# 1200 watts



## neverfear (Sep 26, 2006)

Just in time for a brutal winter;

Adjustable;


----------



## neverfear (Sep 26, 2006)

It took me about 6-1/2 months so far, but I should be completely finished by this weekend. If I had it to do all over again, I would do it differently; learning from experience. 

Ask me how!?


----------



## wy_white_wolf (Oct 14, 2004)

Might want to read this http://www.smartgauge.co.uk/batt_con.html

That battery bank looks like a disaster waiting to happen. I seen on fused links with all those parallel strings.

WWW


----------



## neverfear (Sep 26, 2006)

The batteries were the first item on the list. I cut all the cables and soldered all the lugs myself. 2 pounds of solder, @$35. bucks a pound. It was modeled directly from one identical as this that got 12 years service, 24-7 year around, and it could have gone another 2 years without replacing the batteries.
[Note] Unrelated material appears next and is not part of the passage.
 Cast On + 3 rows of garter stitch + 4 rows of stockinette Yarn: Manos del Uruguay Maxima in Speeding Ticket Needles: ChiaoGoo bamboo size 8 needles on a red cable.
However, you are correct. I would never do it this way again, not that it's not safe, or a disaster waiting to happen, the facts are in, the data shows that it's plenty good enough, and will most likely out last me. But from what I have learned, I could have done it a lot less expensive and time consuming.

Edit to add;

btw, those are 24 - GC235's from NAPA. 235 amp hr, for $105.00 each, plus $15.00 core charge. Can't beat that eh!


----------



## neverfear (Sep 26, 2006)

wy_white_wolf said:


> Might want to read this http://www.smartgauge.co.uk/batt_con.html
> 
> 
> WWW


OK, I read it, and Indeed, my main feeds are taken from diagonally opposite posts. 

No worries!


neverfear


:rock:


----------



## Jim-mi (May 15, 2002)

Yes WWW is quite correct . .That battery bank is a disaster waiting to happen.....
All it takes is for just one of those batteries to go bad and your whole bank goes down
Your "bargain" batteries are just fine for a "car" but the very thin plates in batteries like that are very poor for a "deep cycle" bank.
The life of that bank will be short
Your money would have been better spent on golf car batteries or better yet the L16 type bat.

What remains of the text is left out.